Aetherborn are persons created as an industrial byproduct of the refinement of aether on the plane Kaladesh. The aetherborn live at most for four years, and are born with an internal clock telling them exactly how much longer they have to live. As a result of this constant knowledge of their mortality, they do their best to experience life’s marvels and pleasures. Their unofficial motto is to live fast, die young, and leave a beautiful corpse. Aetherborn have no genders, so a single individual goes by the pronoun ‘they.’
Yahenni is a four year old aetherborn socialite, and is two months from death. All aetherborn hold ‘penultimate parties’- a party they have mere hours before their death (the penultimate thing you do is party). These parties aren’t sad; they’re celebrations of the glorious short-lived lives of the aetherborn, helping send the dying on to the afterlife in a good mood. And Yahenni is a party planner extraordinaire, wanting to hold the best living wake ever so their organic friends will remember them long after they’re gone.
But Yahenni has a secret: they were created with the special gift to suck the aether out of living people to extend their own life- killing whoever they drain in the process. They’ve kept this secret for all four years of their life, a secret they intends to take to their grave and never use.
But on the eve of their penultimate party the repressive government of Kaladesh mandates a curfew, forbidding anyone from leaving their homes- and preventing Yahenni’s penultimate party.
Mere minutes from death, Yahenni realizes they are going to die alone.
Yahenni is highly empathic, able to sense emotional energy from everyone around them. Dying alone in a joyless setting is a terrible, terrible thing. So they leave their home, the curfew be damned, and goes to help their friends rebel against Kaladesh’s government. But that simple decision requires them to compromise their moral choice to not sap the life force from people.
In the end Yahenni gets their penultimate party; they get to celebrate their short but important life with family and friends. And Yahenni gets to move on knowing that they made the world a better place and helped improve the lives of their family and friends.
Plot: Strong… but these short stories are just three out of about twenty in the overall Kaladesh arc. I am judging them as a group of three instead of a group of twenty. Combined with the twenty this single plot/character arc drifts out of focus.
Characters: Yahenni as a character shows just how much characterization you can do in just three short stories. I loved them as a character, and was happy/sad to see the character depart. This was a bittersweet story in the best sort of way.
Setting: Kaladesh is an awesome Indian-inspired, steampunk-inspired MtG setting. There are flying ships and curries, sari’s and aether-powered trains. Kaladesh’s awesome and colorful, and Yahenni’s obsession with living it up gives the text an attention to the details of color, scent, clothing and style.
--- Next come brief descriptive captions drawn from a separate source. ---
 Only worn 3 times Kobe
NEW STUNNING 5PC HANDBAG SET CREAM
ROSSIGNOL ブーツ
Pacing: Good, mostly. Just reading these three stories kinda makes me as a reader feel somewhat confused as they are just a tiny blip in an overall plot-arc.
I wish there was more Yahenni in the rest of the ‘Kaladesh’ arc. They were a fun character, and as they died there’s no chance we’ll be getting any more of them. (I’m not saying their death was bad; their death was absolutely perfect. It just left me wanting more in the best possible way.)
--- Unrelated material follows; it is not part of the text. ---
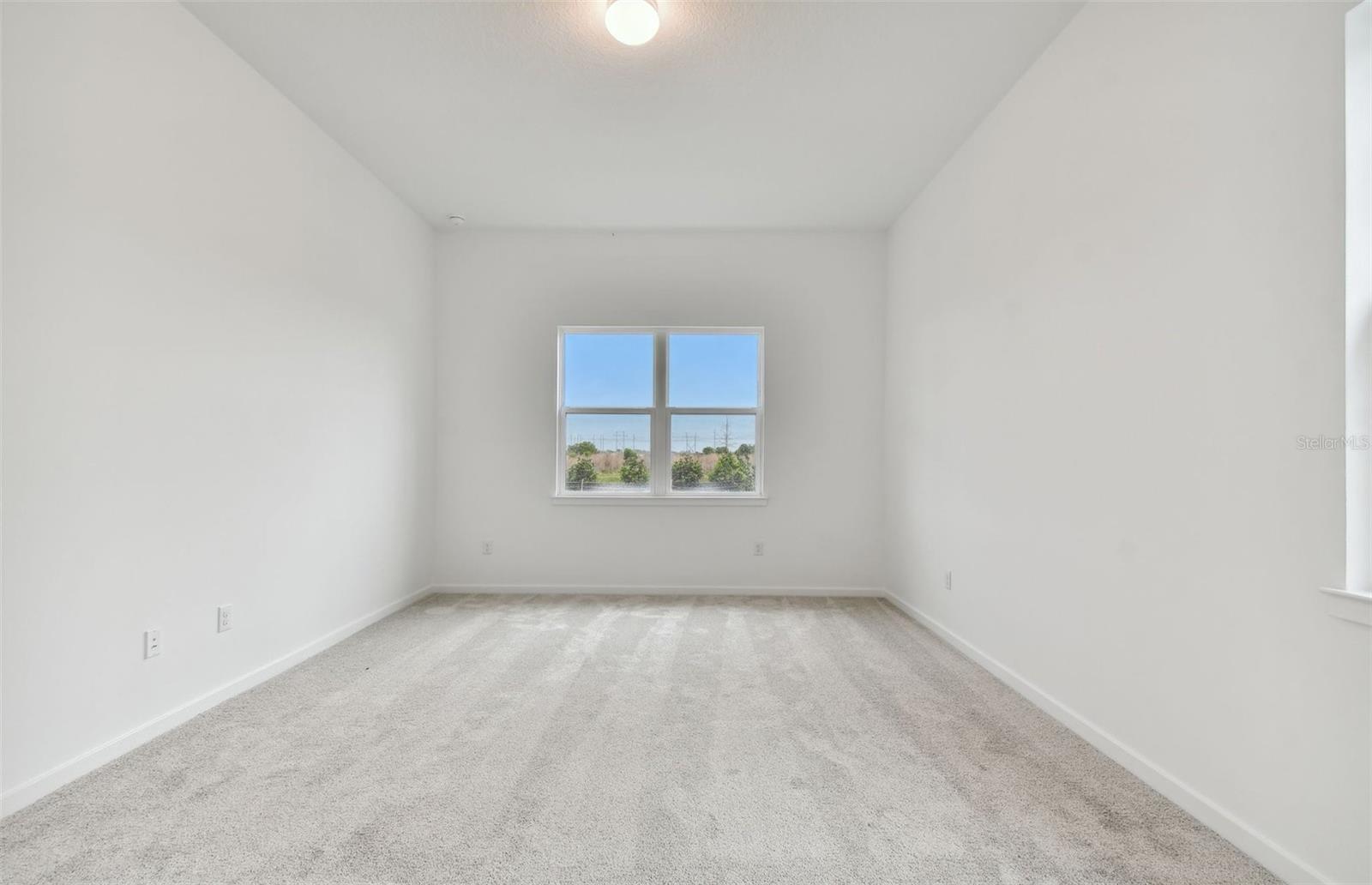 Listing Image #11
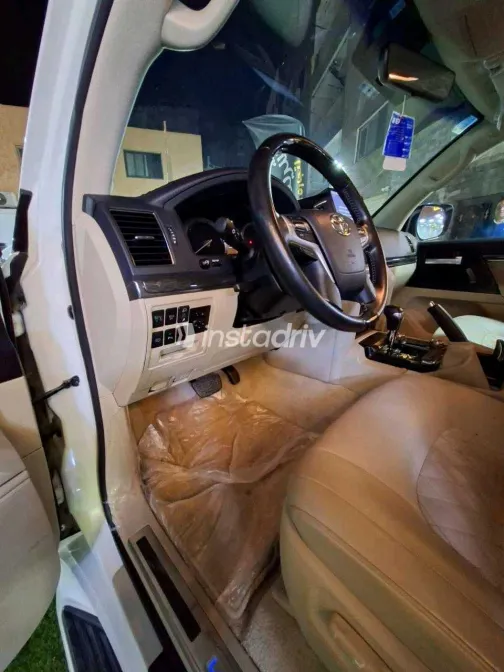 تويوتا لاند كروزر 2020 أبيض مستعملة للبيع - 6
Also, the plotting and dialog in the second half of ‘In the Dead of Night,’ specifically everything after the Gonti/Nived scenes, felt a little forced and artificial. I loved the Nived scene, when Yahenni was forced to compromise their morality to save a friend, though.
Net total, I had a great time re-reading this. Yahenni’s plot and character arc was strong enough to get a Hugo award nomination back in 2016(in my opinion, and that’s if you leave out the rest of the Kaladesh arc). Probably not a win, there were too many extraneous Gatewatch characters to create a really focused story. But if you take these three stories and include only the Yahenni POV portions, then I could see a Hugo nod. I hope Alison Luhrs gets to write some more for Wizards, or she writes some more of her own fiction on the side.